* Assigned task
Retype, without any change, the first line of the records and every line after it through the one containing "Chefchaouen, Morocco - May".

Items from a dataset

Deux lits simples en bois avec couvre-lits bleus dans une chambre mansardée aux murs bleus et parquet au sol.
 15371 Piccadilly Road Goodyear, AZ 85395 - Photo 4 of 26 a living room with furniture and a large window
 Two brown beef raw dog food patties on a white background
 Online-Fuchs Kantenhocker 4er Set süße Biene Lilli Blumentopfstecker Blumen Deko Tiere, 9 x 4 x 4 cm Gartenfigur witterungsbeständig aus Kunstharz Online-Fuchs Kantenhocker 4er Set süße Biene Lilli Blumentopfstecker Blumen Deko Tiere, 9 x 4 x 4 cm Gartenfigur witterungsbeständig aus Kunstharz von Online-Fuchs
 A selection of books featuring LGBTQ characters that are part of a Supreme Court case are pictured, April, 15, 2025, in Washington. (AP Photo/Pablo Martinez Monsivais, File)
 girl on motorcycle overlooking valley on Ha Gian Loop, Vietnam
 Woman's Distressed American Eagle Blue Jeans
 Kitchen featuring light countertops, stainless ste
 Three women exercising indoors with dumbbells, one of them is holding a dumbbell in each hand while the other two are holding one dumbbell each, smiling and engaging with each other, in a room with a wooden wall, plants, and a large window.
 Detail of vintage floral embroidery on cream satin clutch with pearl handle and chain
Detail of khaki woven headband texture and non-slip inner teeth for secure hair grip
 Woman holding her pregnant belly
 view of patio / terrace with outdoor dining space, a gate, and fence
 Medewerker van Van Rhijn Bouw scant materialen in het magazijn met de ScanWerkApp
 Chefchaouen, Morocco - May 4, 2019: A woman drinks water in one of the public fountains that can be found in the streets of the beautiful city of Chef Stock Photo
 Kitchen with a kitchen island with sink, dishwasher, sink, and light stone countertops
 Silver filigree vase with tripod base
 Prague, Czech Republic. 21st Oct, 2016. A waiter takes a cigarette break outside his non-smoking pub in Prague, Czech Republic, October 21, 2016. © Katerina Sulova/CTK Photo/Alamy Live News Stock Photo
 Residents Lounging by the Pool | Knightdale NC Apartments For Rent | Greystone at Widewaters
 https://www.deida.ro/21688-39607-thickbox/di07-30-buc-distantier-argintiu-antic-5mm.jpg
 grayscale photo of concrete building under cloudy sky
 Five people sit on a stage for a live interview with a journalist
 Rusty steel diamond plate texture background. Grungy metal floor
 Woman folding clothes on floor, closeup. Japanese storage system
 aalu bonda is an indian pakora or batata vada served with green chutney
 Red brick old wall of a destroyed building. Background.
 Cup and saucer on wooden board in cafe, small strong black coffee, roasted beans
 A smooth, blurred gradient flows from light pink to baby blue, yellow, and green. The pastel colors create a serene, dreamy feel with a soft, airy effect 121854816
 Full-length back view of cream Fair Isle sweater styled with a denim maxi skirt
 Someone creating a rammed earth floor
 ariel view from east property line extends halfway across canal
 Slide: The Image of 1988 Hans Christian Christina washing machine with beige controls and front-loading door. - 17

* Answer for the task
Deux lits simples en bois avec couvre-lits bleus dans une chambre mansardée aux murs bleus et parquet au sol.
 15371 Piccadilly Road Goodyear, AZ 85395 - Photo 4 of 26 a living room with furniture and a large window
 Two brown beef raw dog food patties on a white background
 Online-Fuchs Kantenhocker 4er Set süße Biene Lilli Blumentopfstecker Blumen Deko Tiere, 9 x 4 x 4 cm Gartenfigur witterungsbeständig aus Kunstharz Online-Fuchs Kantenhocker 4er Set süße Biene Lilli Blumentopfstecker Blumen Deko Tiere, 9 x 4 x 4 cm Gartenfigur witterungsbeständig aus Kunstharz von Online-Fuchs
 A selection of books featuring LGBTQ characters that are part of a Supreme Court case are pictured, April, 15, 2025, in Washington. (AP Photo/Pablo Martinez Monsivais, File)
 girl on motorcycle overlooking valley on Ha Gian Loop, Vietnam
 Woman's Distressed American Eagle Blue Jeans
 Kitchen featuring light countertops, stainless ste
 Three women exercising indoors with dumbbells, one of them is holding a dumbbell in each hand while the other two are holding one dumbbell each, smiling and engaging with each other, in a room with a wooden wall, plants, and a large window.
 Detail of vintage floral embroidery on cream satin clutch with pearl handle and chain
Detail of khaki woven headband texture and non-slip inner teeth for secure hair grip
 Woman holding her pregnant belly
 view of patio / terrace with outdoor dining space, a gate, and fence
 Medewerker van Van Rhijn Bouw scant materialen in het magazijn met de ScanWerkApp
 Chefchaouen, Morocco - May 4, 2019: A woman drinks water in one of the public fountains that can be found in the streets of the beautiful city of Chef Stock Photo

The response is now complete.